[[ DATA EXTRACT open ]]

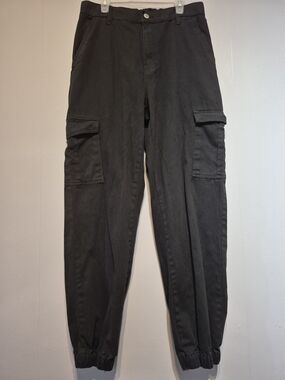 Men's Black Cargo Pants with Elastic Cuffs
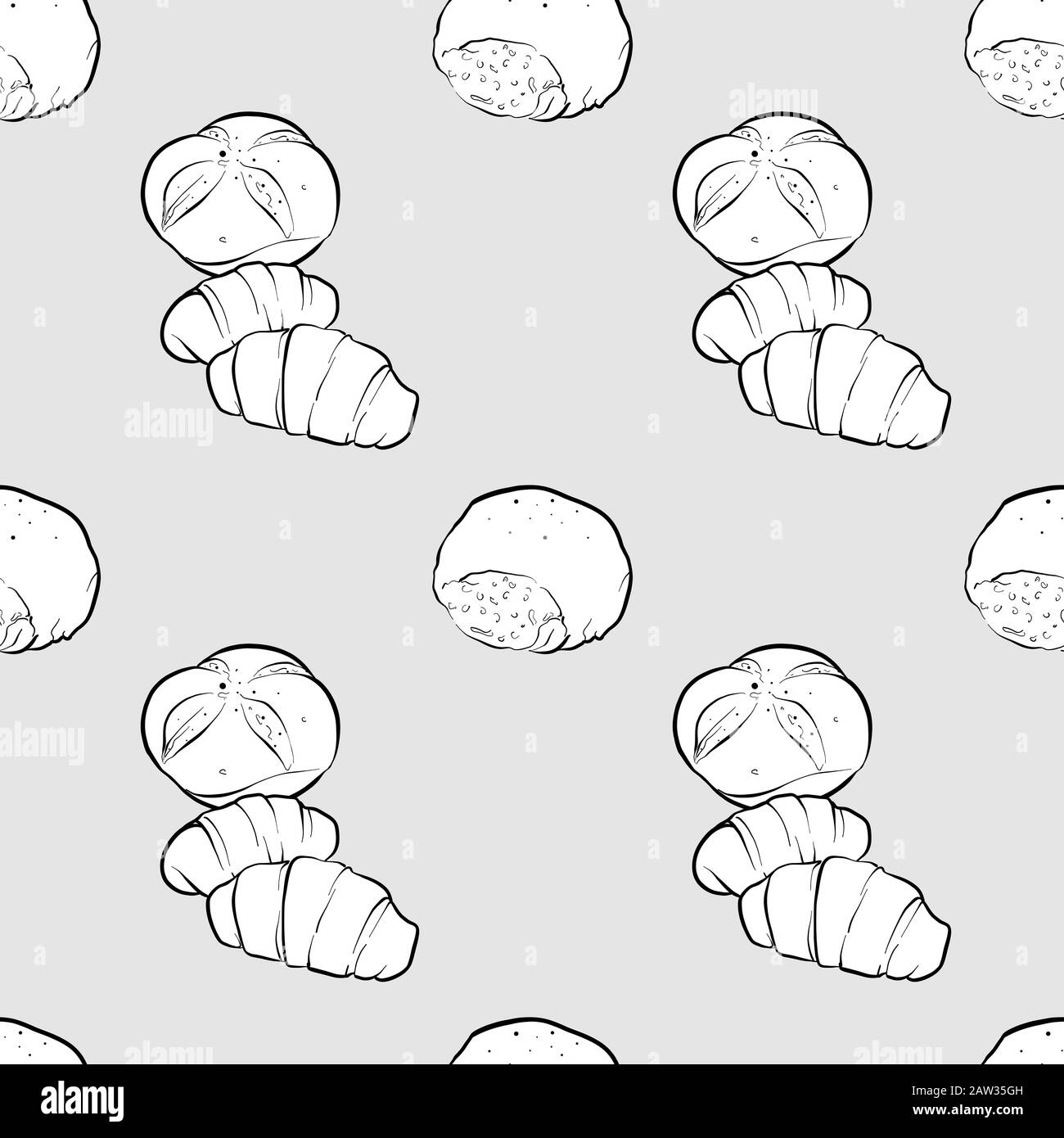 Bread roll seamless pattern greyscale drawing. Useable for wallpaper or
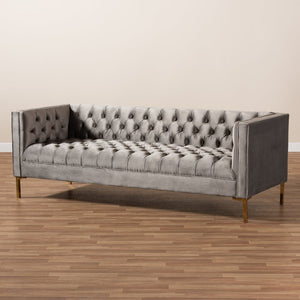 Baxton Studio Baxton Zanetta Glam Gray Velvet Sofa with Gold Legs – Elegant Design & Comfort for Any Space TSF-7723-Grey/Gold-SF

[[ DATA EXTRACT closed ]]

=== ASSIGNMENT ===
When copying the listing, skip the pictures and keep each line exactly as written.

=== RESULT BELOW ===
 Men's Black Cargo Pants with Elastic Cuffs
 Bread roll seamless pattern greyscale drawing. Useable for wallpaper or
 Baxton Studio Baxton Zanetta Glam Gray Velvet Sofa with Gold Legs – Elegant Design & Comfort for Any Space TSF-7723-Grey/Gold-SF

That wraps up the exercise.